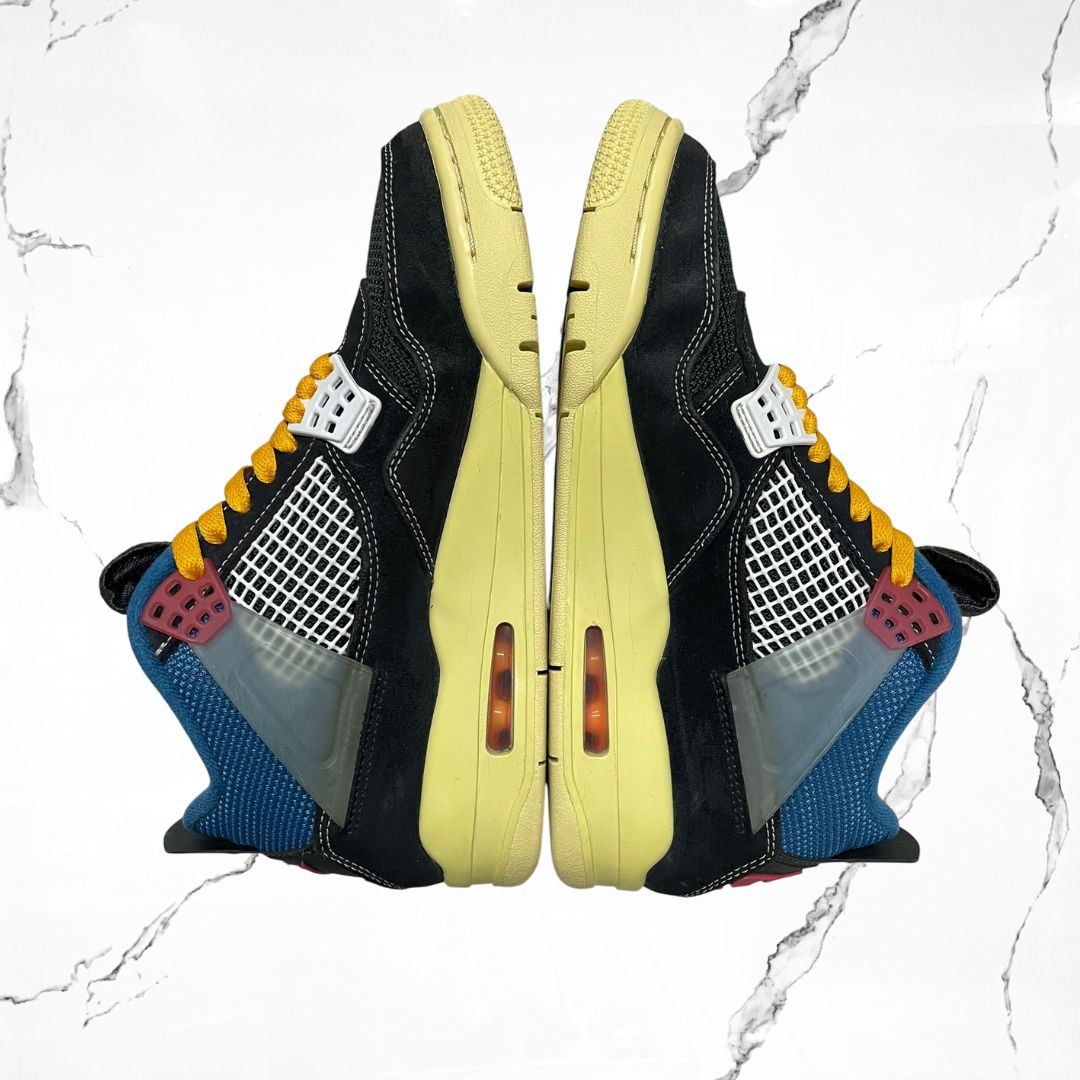Jordan 4 Union Off Noir (De Uso) - Urban Utility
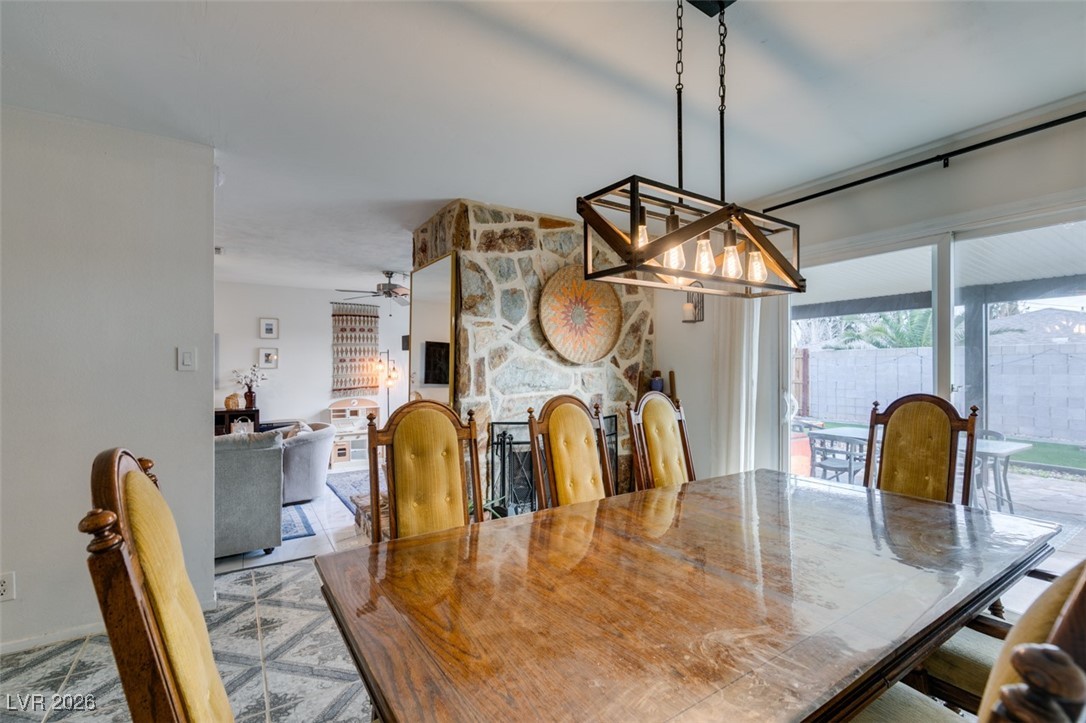 101 South Cimarron Road Las Vegas, NV 89145 - Photo 14 of 27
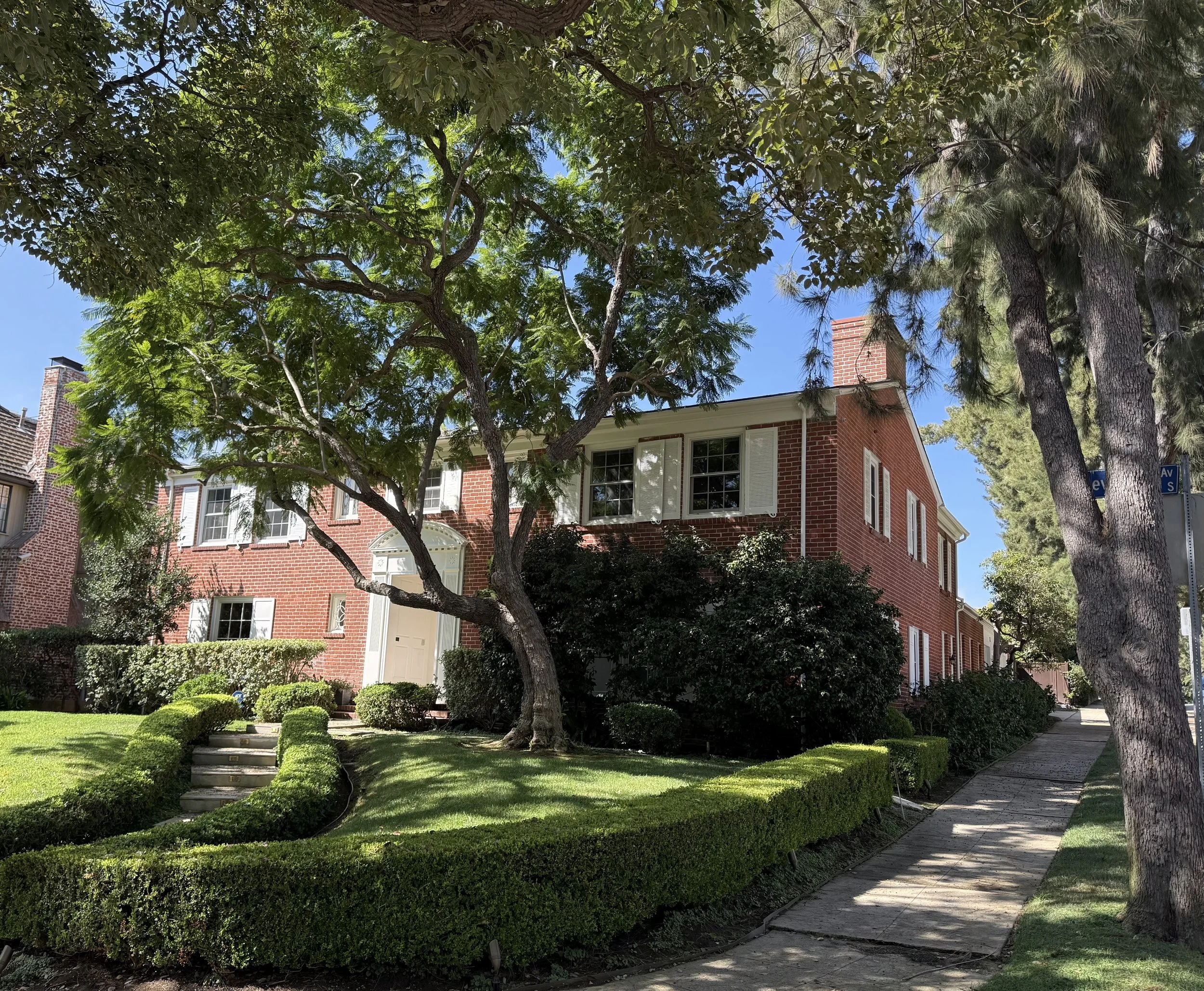 Just Leased! 801 Devon Ave.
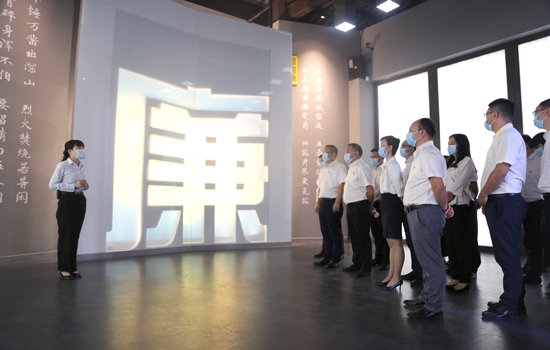 华南公司纪委组织参观昭通越秀区清廉文化教育馆-2_副本.jpg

> Directions for this task
Your copy of the material above should be exact and free of pictures.

> Answer to this task
Jordan 4 Union Off Noir (De Uso) - Urban Utility
 101 South Cimarron Road Las Vegas, NV 89145 - Photo 14 of 27
 Just Leased! 801 Devon Ave.
 华南公司纪委组织参观昭通越秀区清廉文化教育馆-2_副本.jpg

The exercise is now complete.